PUBLISHED: 15:32 04 June 2010 | UPDATED: 17:34 06 July 2010

TRIBUTES have been paid to a veteran Lowestoft fundraiser who died last week.

Billy Hansford, of Claydon Drive, was well known across the area for his work for charities and good causes.

TRIBUTES have been paid to a veteran Lowestoft fundraiser who died last week.

Billy Hansford, of Claydon Drive, was well known across the area for his work for charities and good causes.

Mr Hansford, who had been ill for some time, died last Friday, aged 80.

A former finalist in The Journal's Pride in the Community awards, Mr Hansford supported many organisations, including the Lowestoft Airshow and the town's carnival.

He also took part in the London Marathon and completed a tandem parachute jump to help raise funds for good causes.

A skilled engineer, he made a one-third mock-up of a SE5a first world war fighter aircraft which was a familiar sight on the seafront during the airshow.

Mr Hansford also had a regular spot on air show days near the East Point Pavilion where he would dress up in a first world war pilot's uniform to help boost his fundraising.

Director of the air show Brian Hunter praised Mr Hansford's community spirit.

He said: “Billy was not only a great supporter of the airshow, he was also a great supporter of many community efforts across Lowestoft.

“He raised thousands of pounds over the years, and if there was a good cause in the town that needed help Billy was there.

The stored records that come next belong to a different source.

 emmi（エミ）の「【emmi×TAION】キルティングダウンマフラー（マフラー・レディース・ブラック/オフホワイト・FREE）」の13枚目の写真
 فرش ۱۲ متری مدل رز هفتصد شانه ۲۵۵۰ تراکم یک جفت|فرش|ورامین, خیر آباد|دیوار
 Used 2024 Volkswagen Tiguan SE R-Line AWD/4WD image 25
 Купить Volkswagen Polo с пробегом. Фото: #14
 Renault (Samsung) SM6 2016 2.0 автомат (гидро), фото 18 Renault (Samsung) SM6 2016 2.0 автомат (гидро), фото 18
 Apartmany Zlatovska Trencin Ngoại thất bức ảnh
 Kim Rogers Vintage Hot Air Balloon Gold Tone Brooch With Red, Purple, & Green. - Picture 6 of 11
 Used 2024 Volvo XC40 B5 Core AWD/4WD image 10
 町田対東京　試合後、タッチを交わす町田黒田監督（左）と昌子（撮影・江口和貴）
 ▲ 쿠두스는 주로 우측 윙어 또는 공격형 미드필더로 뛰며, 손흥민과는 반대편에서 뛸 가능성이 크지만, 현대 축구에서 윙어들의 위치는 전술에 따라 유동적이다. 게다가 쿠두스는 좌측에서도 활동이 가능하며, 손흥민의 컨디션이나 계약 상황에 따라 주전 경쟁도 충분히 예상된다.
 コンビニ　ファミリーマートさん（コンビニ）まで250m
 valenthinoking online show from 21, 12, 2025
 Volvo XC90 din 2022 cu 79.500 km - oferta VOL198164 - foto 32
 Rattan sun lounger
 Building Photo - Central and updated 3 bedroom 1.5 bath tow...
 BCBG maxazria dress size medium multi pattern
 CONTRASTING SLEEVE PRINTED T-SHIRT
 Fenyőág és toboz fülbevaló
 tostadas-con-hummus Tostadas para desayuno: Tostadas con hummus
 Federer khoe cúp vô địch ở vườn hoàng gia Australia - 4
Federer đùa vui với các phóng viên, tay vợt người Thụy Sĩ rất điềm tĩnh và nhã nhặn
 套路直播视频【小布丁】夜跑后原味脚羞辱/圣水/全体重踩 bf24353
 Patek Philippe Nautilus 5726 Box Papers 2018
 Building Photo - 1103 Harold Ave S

We will miss him terribly and our thoughts are with his family.”

Mr Hansford was a keen motorcyclist and had taken part in the Eastern Lights cavalcade along Lowestoft seafront.

In 2002, he was chosen to help carry the baton through Lowestoft as part of the Queen's Jubilee celebrations.

Mr Hansford was also a keen photographer, and while filming a video from the town's Claremont Pier during the airshow he captured dramatic scenes when an RAF Harrier crashed into the sea.

Mr Hansford's wife Kathleen died in 2007. He leaves two daughters.